None occur in a temple. Each resembles the slaughters of animals which until a few generations ago typically preceded American ceremonial occasions such as Easter, Thanksgiving, Christmas, and Fourth of July picnics.
Though the killing is ritualized, any distinction between sacrifice and slaughter for consumption is blurred. Initially shocked by sacrifice, struggling to understand it, de Stoppelaar’s alter ego comes to realize that sacrificed animals are almost the only meat that the Nepalese consume.
As the affluence of Nepal has increased, the equation of sacrifice with slaughter for consumption is now much less exact than when de Stoppelaar arrived: several hundred times more animals are slaughtered now than are killed in temples. But butcher shops not associated with temples are still a rarity. The several poultry farms I visited on the outskirts of Kathmandu in January 2014, though the largest in the area, kept barely more birds than many U.S. hobbyists. About 75% of the birds were leghorns, raised for sale mostly to restaurants; 25% were colorful local breeds meant for sacrifice. The fish farm and pig farm I visited were proportionally no bigger.

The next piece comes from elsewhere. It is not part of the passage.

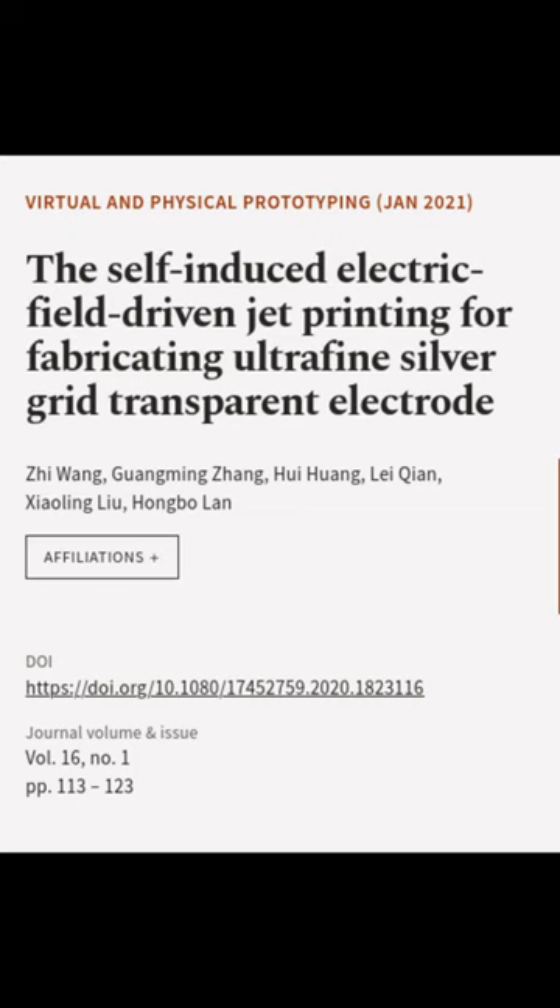This article was authored by Zhi Wang, Guangming Zhong, Hui Huang, and others.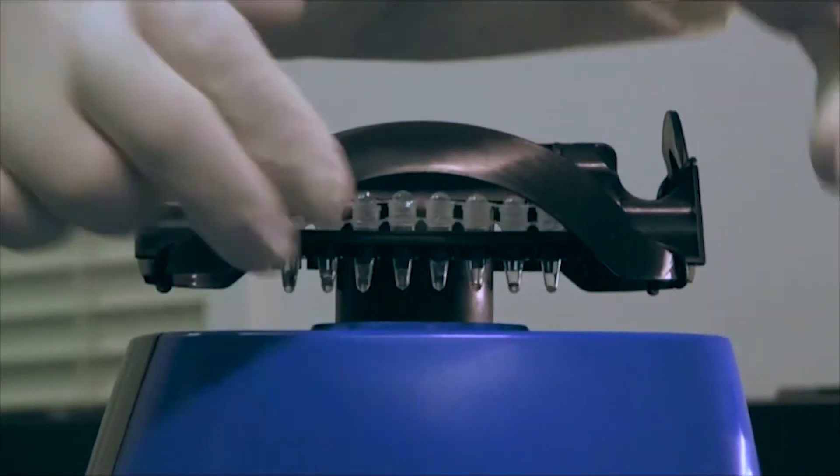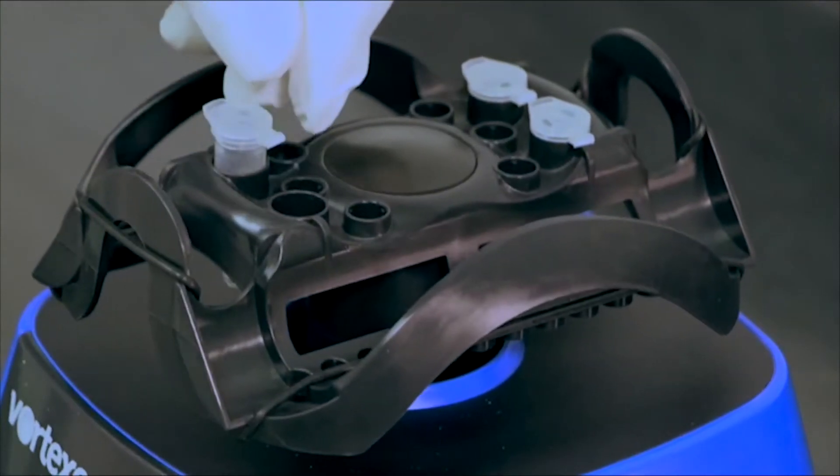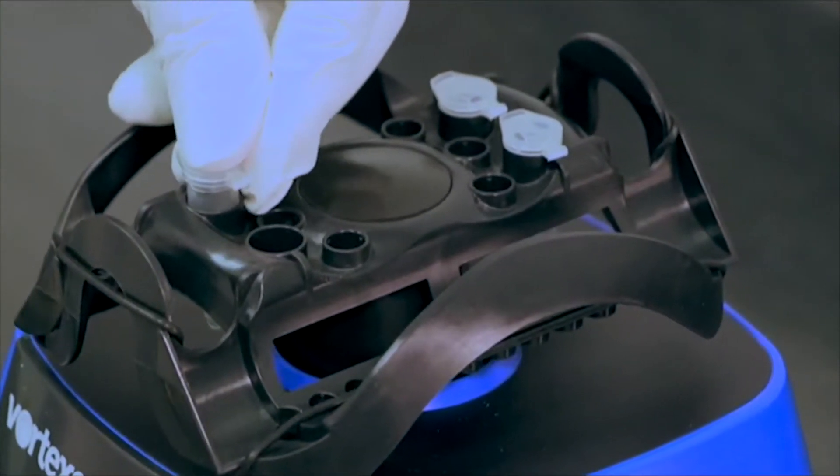But with the Vortexer, the head stays on and researchers can perform several applications in a single mixing platform.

I observed sacrifice at the Dakshin Kali temple south of Kathmandu, reputedly the largest scene of sacrifice in the Kathmandu valley, on a Saturday morning, the peak time for killing. The Dakshin Kali temple was favored by former King Gyanendra, the last ruler of the Nepalese monarchy.

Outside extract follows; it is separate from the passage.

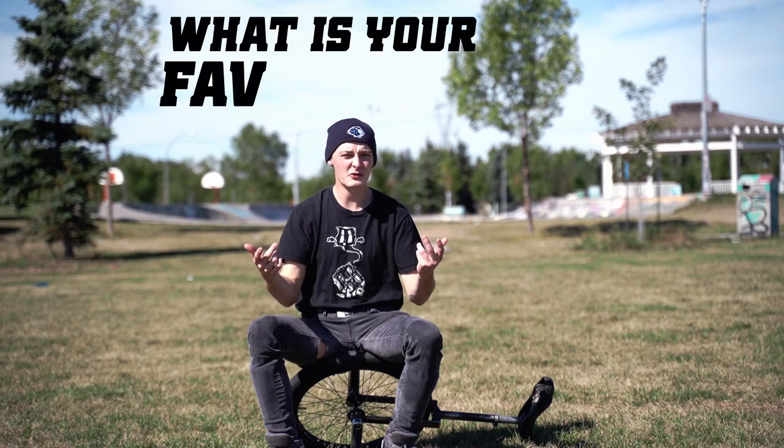I want to ask you guys a question: what is your favorite trick? Whether you're into skateboarding, unicycling, BMX, or scootering — what tricks do you generally like and why? Everybody's tricks vary and some people have really unique opinions about that. Please leave a comment, I'm curious to see. Thank you so much for watching this video and I hope to see you next week — peace.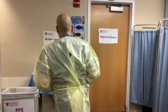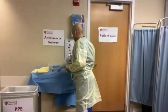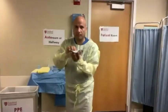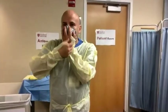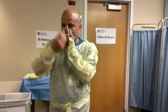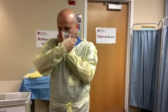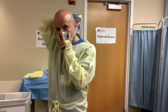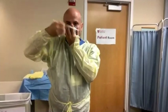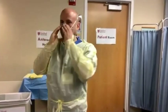The next step is to don the N95 mask. Pick up your mask and cup it in your hand. Lift your chin and place the mask over your nose and mouth. Stretch the bottom strap first over your head and place it on the back of your neck. Then place the top strap on the crown of your head, ensuring that the straps are not overlapping or crossed.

Standing barely out of blood-spurting range, I saw that the goats and chickens were killed in the much the same manner as animals at rural butcher shops throughout the developing world.
While watching sacrifice or slaughter of any sort is always grim, in fairness I have seen far worse, especially in undercover videos of U.S. slaughterhouses obtained by investigators for animal advocacy groups.

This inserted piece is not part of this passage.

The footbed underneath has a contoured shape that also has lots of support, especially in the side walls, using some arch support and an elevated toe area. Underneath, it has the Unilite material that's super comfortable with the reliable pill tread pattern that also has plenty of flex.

The killing I witnessed in Nepal was done amid extensive ceremonial trappings, but the ceremonies were not allowed to delay the procedures long enough for most of the animals to become visibly or audibly aware of what was happening. The priests and slaughtermen focused on efficiently dispatching and dismembering the animals and selling their remains. (And vastly more coconuts were sacrificed than animals, along with various other vegetables.)
Not expecting Elephant Polo to be as informative about Nepalese animal sacrifice as it proved to be, I bought Religions In Nepal specifically to obtain information and perspective about sacrifice. The perspective it provided was rather different from what I had expected. Authors Trilok Chandra Majupuria and Rohit Kuman (Majupuria), a father-and-son team, are respectively a retired Tribuhavan University professor and a fulltime author and lecturer about religious history and teachings. Both turned to researching and writing about religion after obtaining scientific educations.
Religions In Nepal includes chapters on Hindu animal sacrifice and the ancient practices of human sacrifice. There are also chapters on the major variants of Hinduism practiced in Nepal, for several of which animal sacrifice is a central rite. But most of Religions In Nepal emphasizes other aspects of Nepalese religion. Nearly half the book concerns Buddhism, which originated in southern Nepal, apparently about 200 years before spreading into modern India.
Nowhere in Religions In Nepal is there even one word about the Bara regional goddess Gadhi Mai or Gadhimai sacrificial massacres conducted in 2004 and 2009 at the village of Bariyarpur in her purported honor.
Though the Gadhimai sacrifice has been billed as a tradition originating at times ranging from circa 1200 to 1760, and as the largest animal sacrifice in the Hindu world, the Majupurias make no mention of it, nor of anything similar, while listing many other festivals that feature sacrifice.